I am doing a simulation with polymer(PIM-1) having water on both side of it ( picture attached). To insert the water molecules inside the polymer membranes , I am giving a 1 bar pressure on both side of the graphene wall . Using the LAMMPS add force command , I have applied a force of 0.0000377 (kcal/mol)/Angstrom ( as I am using real unit) to generate a pressure of 1 bar on each side with the graphene membrane. However, the polymer started to squeeze when the pressure was applied to it from both sides with water molecules and the water molecules couldn’t get inside to it.
Is there any command in LAMMPS that I can use, so that the polymer might not squeeze this much & the water molecules can get inside to it?
For your reference, I am using lammps version 2 Aug 2023.
Its a side note to your question, but are you sure that the pressure is only 1 bar?
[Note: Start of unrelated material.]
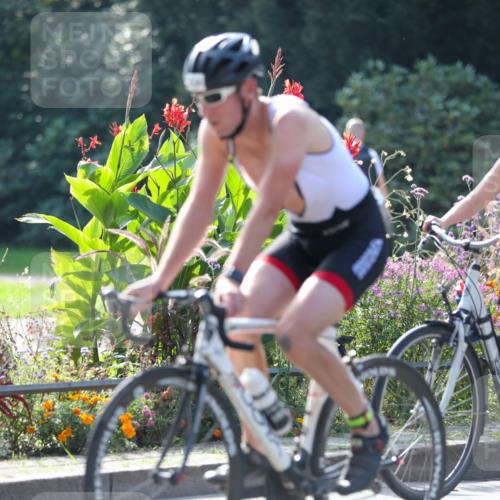 08.09.2024 - Stadtparktriathlon Zöllner http://msf.ph/oto/6989060 08.09.2024 11:12:57 Radfahren 327, 424, 509, 514, 534, 545, 559 meine-sportfotos.de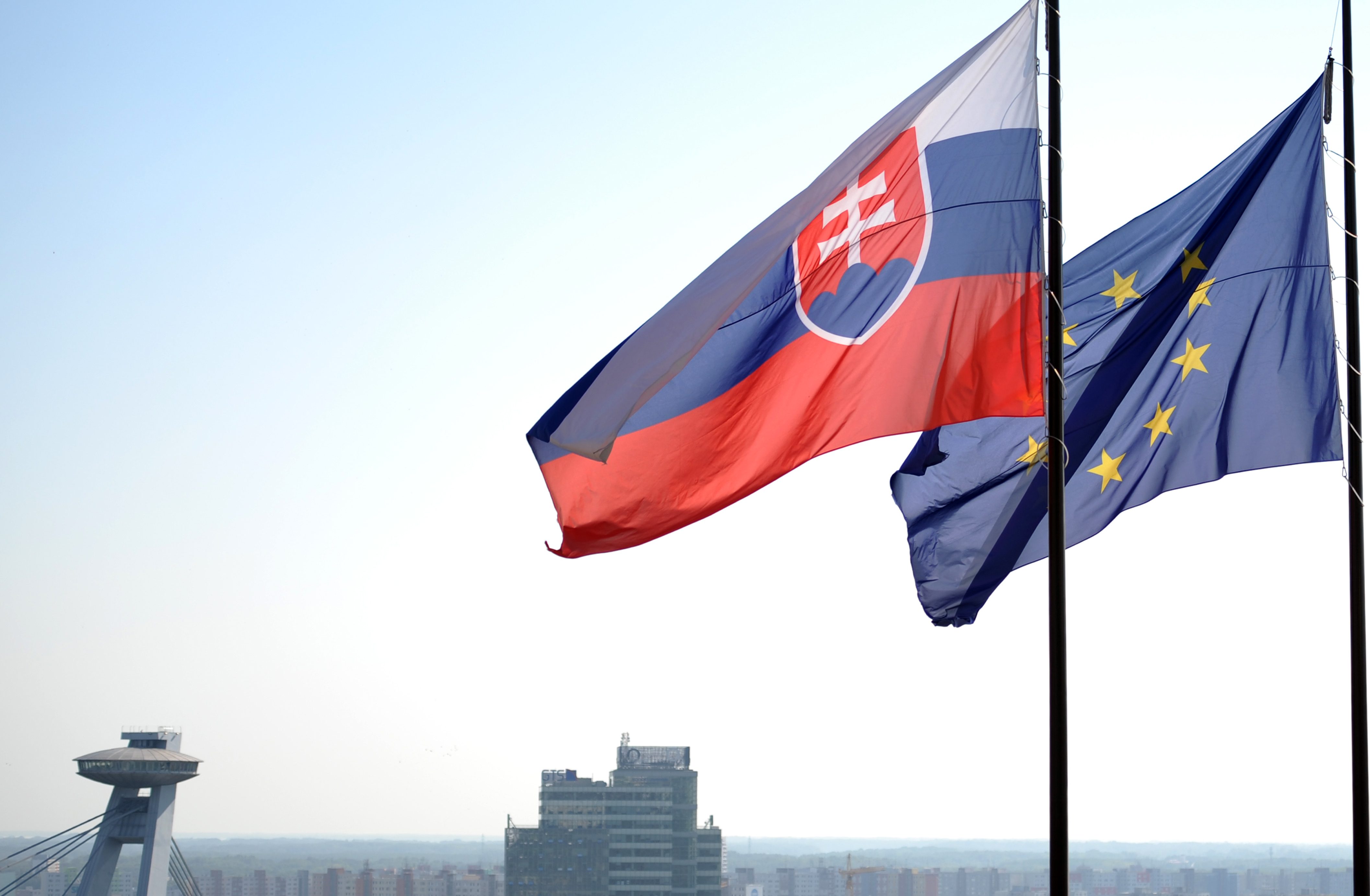 Die Flagge der EU und die slowakische Flagge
The water looks ultra compressed which would only occur at much higher pressure.
There is no “make the atoms behave the way I want them to” command in LAMMPS.
Atoms go where the forces tell them to go. You are defining the forces through the force field parameters and the magnitude of your external force. If the trajectory is not what you expect, either the forces are not representative of what you want to model or your expectations.
Based on the comment of @simongravelle: have you checked the pressure components of your system in the periodic directions of your system? Are they at 1 bar or higher?
Has your system equilibrated? I find that whenever I’ve tried applying force to a carbon sheet to mimic pressure, the carbon sheets’ separation fluctuates wildly – I attribute that to carbon being “too light”. A poorly compressible system will throw out big pressure waves en route to equilibration, especially if started from an improperly small or large initial volume, and a piston with too little density like carbon will fluctuate in response, often too much for a typical MD box to handle.
(Or maybe I’ve just been doing it wrong all this while?)
In your position I would start simple: run a “constant volume” simulation by completely not integrating the wall particles; track the density profile of the water across the system using some fix ave/chunk; if the water density right in the middle of the polymer-free zone is correct (1 g/cc) and the water density permeating into the polymer is stable over time, then you at least have a baseline for attempting barostatted simulations. You can even estimate the pressure on the walls using compute group/group between (for example) the left wall and all non-wall atoms; the average total wall force will be the effective pressure, times cross-sectional area.
Alternatively, use fix langevin with a very high friction coefficient to damp the graphene walls’ vibrations, instead of whatever thermostat you currently use. How high? High enough to get the “correct answer”. What’s the correct answer? I wouldn’t know, but the constant volume simulations would give you at least some clue.